As a teenager, Stéphan Bureau was fond of watching movies, reading and collecting comic books, and he dreamt of being an actor. At 13 years old, he got a one-time opportunity to explore his talent. He successfully auditioned at Télévision de Radio-Canada, and became one of the youngest reporters in a TV show dedicated to teenagers.

He then began a radio journalism career in 1984 at Radio-Canada while pursuing Russian studies at Concordia University. In 1986, he embarked on a broadcast journalism career as a television newscaster. Between 1990 and 1994, he produced and hosted Contact, a series of in-depth interviews with figures from the artistic, literary and intellectual world such as Paul Auster, Elie Wiesel, Nancy Huston, Michel Serres, Carlos Fuentes. The documentary series, which was broadcasted throughout Quebec and in many other countries of Europe and Africa earned him a Rogers Award in English Canada.

He has since been on all major French-Canadian television networks, most notably on TVA, where he was at the helm of L’événement, a public affairs magazine, and then on the 10 p.m. televised newscast for the next three years. He later joined the Société Radio-Canada where he served in turn as host, foreign correspondent and chief anchorman of the national newsmagazine Le Téléjournal/ Le Point from 1998 to 2003.

In 2003, Stéphan Bureau chose to retire from the news world and started working on new projects.[1] With the Festival Juste pour Rire (the French edition of the Just for Laughs Festival), he created and hosted several tributes to Quebec's comic figures. He also hosted several live interviews with famous comic actors such as Pierre Richard and Franck Dubosc.

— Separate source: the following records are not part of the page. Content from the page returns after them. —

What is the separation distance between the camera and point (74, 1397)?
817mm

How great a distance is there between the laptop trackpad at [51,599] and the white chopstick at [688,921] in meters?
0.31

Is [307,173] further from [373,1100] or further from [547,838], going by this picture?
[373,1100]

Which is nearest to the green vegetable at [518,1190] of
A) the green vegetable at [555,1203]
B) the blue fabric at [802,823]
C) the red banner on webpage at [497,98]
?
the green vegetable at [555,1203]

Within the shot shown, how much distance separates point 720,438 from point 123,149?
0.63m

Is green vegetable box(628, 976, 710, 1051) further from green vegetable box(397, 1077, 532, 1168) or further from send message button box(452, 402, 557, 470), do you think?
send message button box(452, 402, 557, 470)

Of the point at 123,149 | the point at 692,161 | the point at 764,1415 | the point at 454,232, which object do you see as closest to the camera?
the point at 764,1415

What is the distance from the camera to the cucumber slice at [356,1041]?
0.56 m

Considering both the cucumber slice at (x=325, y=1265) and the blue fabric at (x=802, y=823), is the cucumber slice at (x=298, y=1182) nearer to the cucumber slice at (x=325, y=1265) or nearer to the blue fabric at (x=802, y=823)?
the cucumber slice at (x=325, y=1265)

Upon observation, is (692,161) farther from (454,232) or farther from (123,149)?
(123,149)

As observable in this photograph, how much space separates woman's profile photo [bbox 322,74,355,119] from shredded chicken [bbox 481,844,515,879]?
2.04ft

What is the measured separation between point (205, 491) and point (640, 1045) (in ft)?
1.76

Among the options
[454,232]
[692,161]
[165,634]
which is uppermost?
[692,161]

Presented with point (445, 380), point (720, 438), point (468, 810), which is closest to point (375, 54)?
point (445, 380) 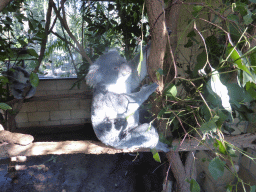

In 2006, Stéphan Bureau reinitiated Contact with a new series of 13 episodes. His guests were film and theater director Franco Dragone ; novelist Jean d'Ormesson; author and playwright Éric-Emmanuel Schmitt; short story writer Mavis Gallant; authors Marek Halter, Mario Vargas Llosa and José Saramago; philosopher, psychoanalyst and feminist Julia Kristeva; lawyer and politician Simone Veil; director and playwright Robert Lepage; author, journalist and film director Philippe Labro; French economist Jacques Attali, and French playwright and author Jean-Claude Carrière.

Prizes and awards

Over the years, Stéphan Bureau has received several awards honoring the quality of his work, mainly as a newscaster and interviewer. Most of these prizes were awarded by the Academy of Canadian Cinema and Television.